Na Amerikaans debacle in Afghanistan: Komt er een gemeenschappelijke Europese interventiemacht van 5.000 soldaten?

Door de Kaboelcrisis wil de Europese Unie niet langer afhankelijk zijn van een Amerikaanse agenda voor zijn militaire activiteiten. Het idee van een gezamenlijke interventiemacht staat weer op de agenda. Het statenverband zou over de middelen beschikken, maar het institutionele proces zou moeilijker op poten te zetten zijn.

De evacuaties van de luchthaven van Kaboel hebben aangetoond wat toch al een publiek geheim was: in geval van een grootschalige militaire operatie kan het Westen niets uitrichten zonder Amerikaanse hulp. En bovenal moeten zij de agenda van Uncle Sam volgen: terwijl veel Europese staatshoofden pleitten voor handhaving van de luchtbrug, hield Joe Biden vast aan zijn doelstelling van een totale evacuatie op 31 augustus. Deze afhankelijkheid van de Amerikaanse militaire macht heeft er na de ramp in Kaboel toe geleid dat het idee van een snelle interventiemacht van de Europese Unie opnieuw ter sprake is gekomen.

Een oud idee

Het concept is niet nieuw: reeds in 1950 overwoog Frankrijk een gemeenschappelijke militaire macht op te richten voor de zes stichtende leden van de jonge Unie. Dat wil zeggen, Frankrijk, maar ook België, Italië, het Groothertogdom Luxemburg, Nederland en West-Duitsland.

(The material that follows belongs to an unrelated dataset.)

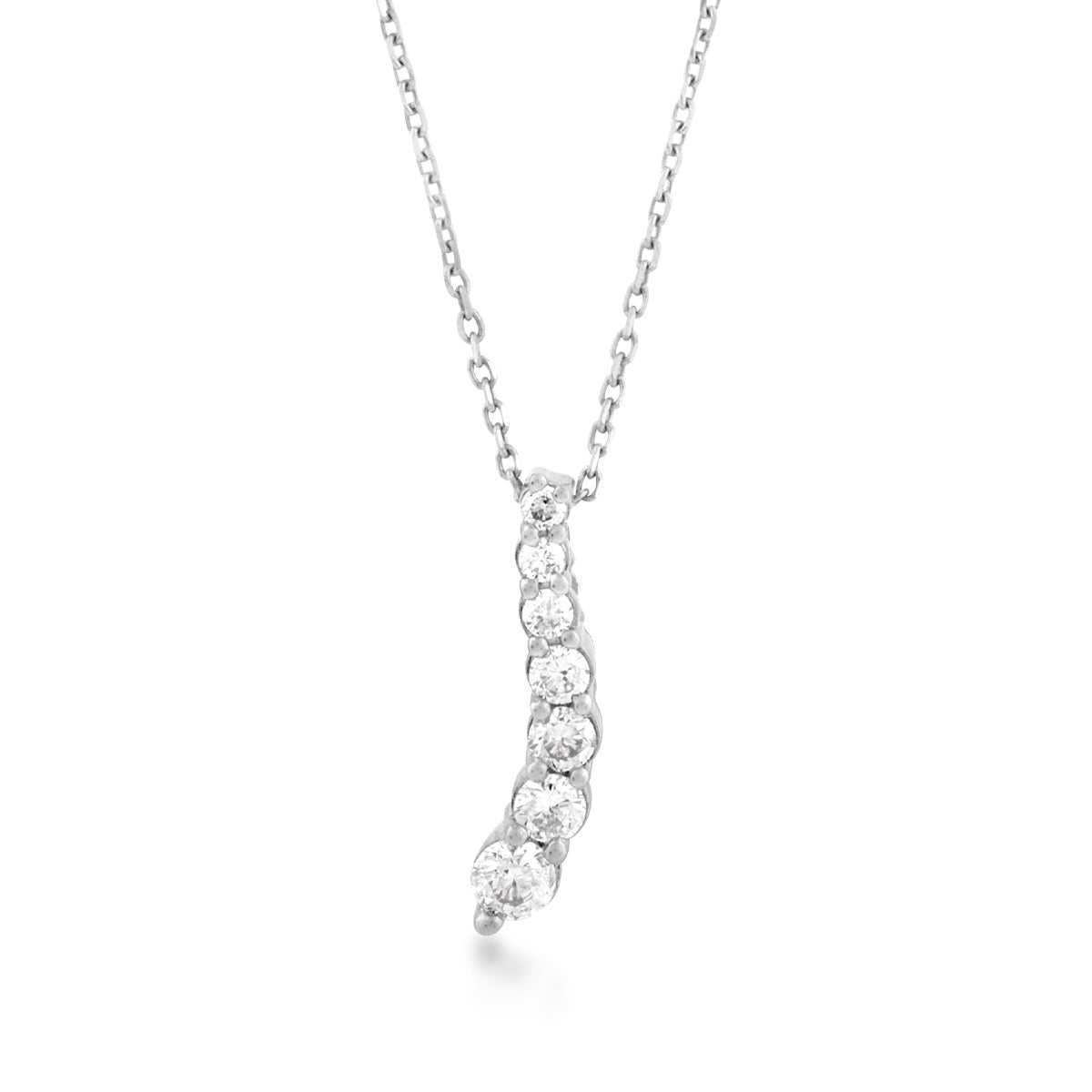 Journey 1/4 ct. tw. Round 7-Stone Diamond Curve Pendant in 10K White Gold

Dit was een manier om zich tegen een Sovjet-invasie te beschermen zonder afhankelijk te zijn van de goede wil van de NAVO, maar ook om de Duitse herbewapening in de hand te houden, op een moment dat het stof van de Tweede Wereldoorlog nog maar nauwelijks was neergedaald.

In 1952 werd een verdrag tot oprichting van de Europese Defensiegemeenschap ondertekend, maar geen van de betrokken landen heeft het geratificeerd. En hoewel het idee verschillende malen is geopperd, is het gemeenschappelijk Europees leger er nooit gekomen. Elke lidstaat verdedigt zich alleen, maar schuilt onder het regenscherm van de NAVO.

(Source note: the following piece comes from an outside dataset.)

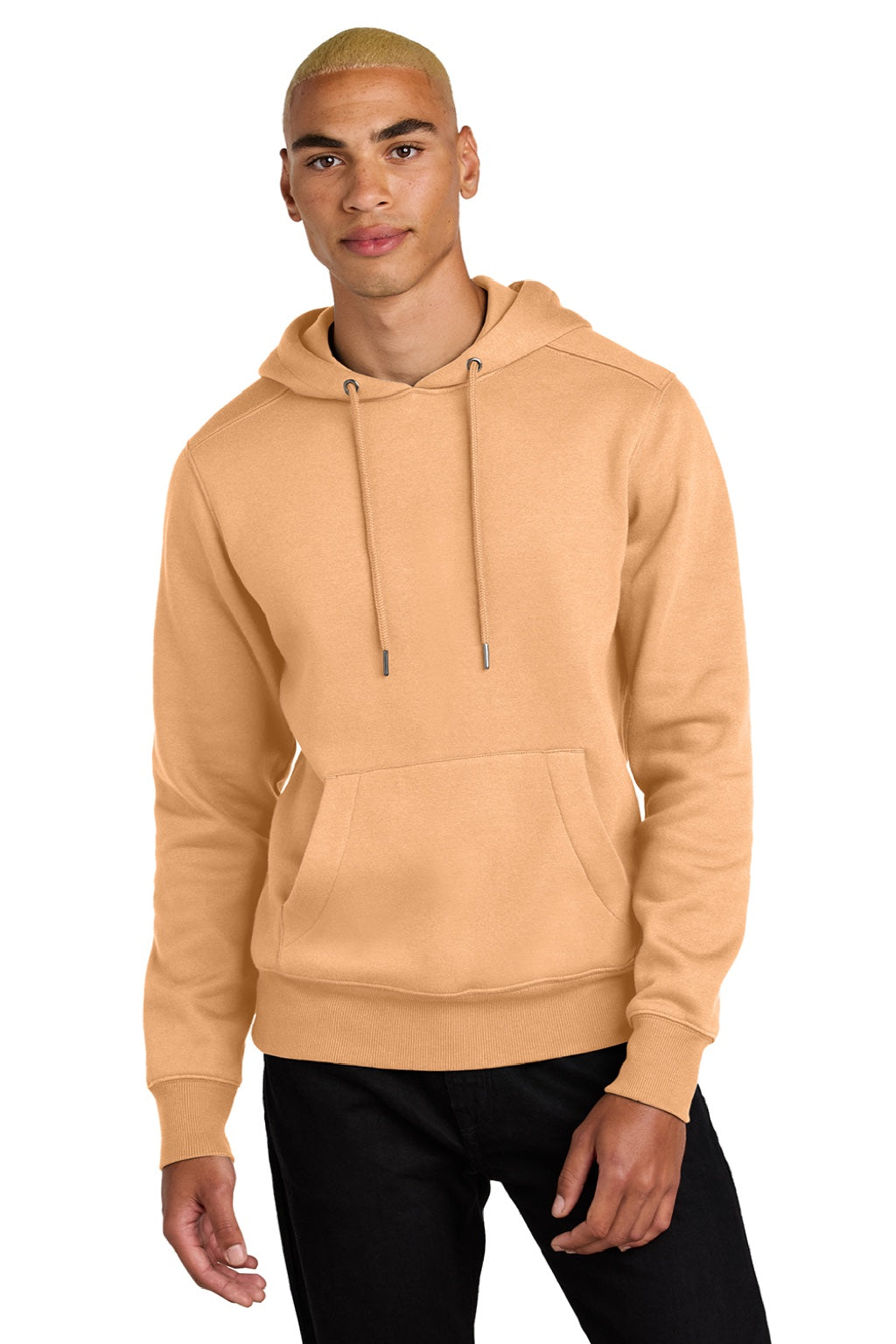 District DT1101 Mens Perfect Weight Fleece Hooded Sweatshirt Hoodie w/ Pouch Pocket Apricot Orange Model Front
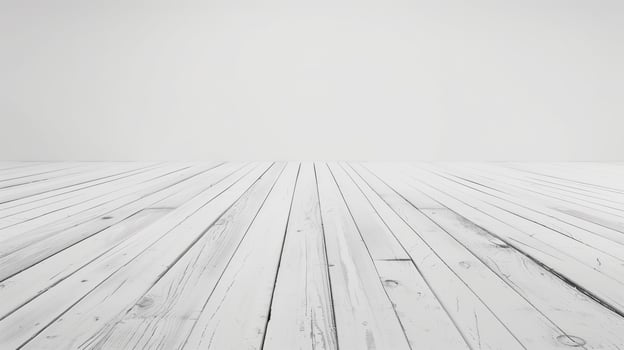 Elegant white wooden floor creates stunning perspective as it stretches from the wall. Minimalist design enhanced by the light and texture of aged planks. Perfect setting for artistic projects photo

Doel: 5.000 soldaten ter plaatse

Voor Josep Borrell, Hoge vertegenwoordiger van de Unie voor buitenlandse zaken en veiligheidsbeleid, moet Afghanistan dienen als aanleiding om dit idee opnieuw te bezien: “Alle EU-landen die in Afghanistan aanwezig zijn, hebben zich de afgelopen weken rond de luchthaven van Kaboel gemobiliseerd. Zij hebben met elkaar samengewerkt en de vervoerscapaciteit gedeeld. Maar als Europeanen konden we geen 6.000 troepen sturen om het gebied te beveiligen. De VS zou dat kunnen. De EU moet kunnen ingrijpen om onze belangen te beschermen wanneer de Amerikanen er niet bij betrokken willen worden”, klinkt het.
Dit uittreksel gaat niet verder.